The aim of this project is to study some topics in algebra which pick up where Algebra II left off. The project will be oriented towards examples and exercises which you can partially select yourself and which will form an important part of your project report later.

In Michaelmas we will cover the following:
  • The concept of module over a ring. These are basically like vector spaces, but over rings instead of over fields. Unlike vector spaces, they may not always have a basis. Modules shed a lot of light on group theory and ring theory. For instance, an abelian group is just a module over $\mathbb{Z}$, and an ideal in a ring is just a submodule of the ring over itself. (Includes: left/right modules over non-commutative rings, submodules, quotients, bases/free modules, tensor products).

  • Vector spaces. We use the tool of modules over rings to shed new light on concepts of linear algebra. For instance, we can really explain where the determinant or transpose of a matrix come from.

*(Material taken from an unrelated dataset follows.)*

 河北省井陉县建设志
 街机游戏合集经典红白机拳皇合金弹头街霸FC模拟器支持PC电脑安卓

  • Modules over a PID. We will prove a complete structure theorem for finitely generated modules over a Principal Ideal Domain. In particular, this classifies all finite abelian groups, but it also gives a beautiful proof of Jordan Canonical Form.

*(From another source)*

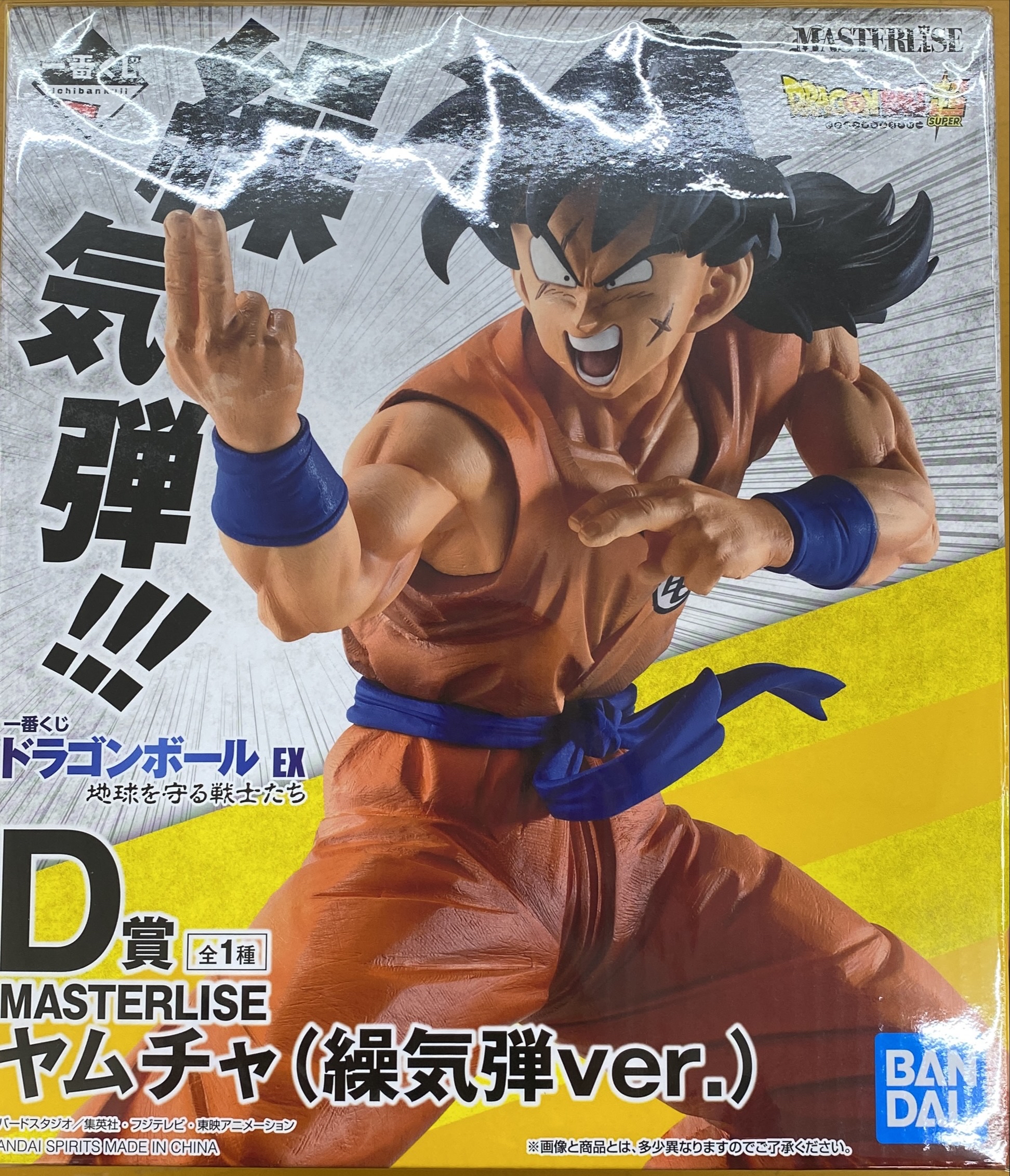 一番くじ ドラゴンボール ギニュー特戦隊来襲 D賞 バータを買い取り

Topics for further individual study in the latter stages of the project may include: 

  • More on modules over non-commutative rings. Left/right Noetherian/Artinian modules.
  • projective, injective and flat modules. Exact sequences, rudiments of homological algebra,
  • the module theoretic approach to representations of finite groups.

Prerequisites

  Algebra II.

Resources

We will follow Part III (Chapters 10-12) of D. S. Dummit and R. M. Foote, Abstract algebra (3rd edition or later). You are encouraged to find other additional or alternative resources on your own.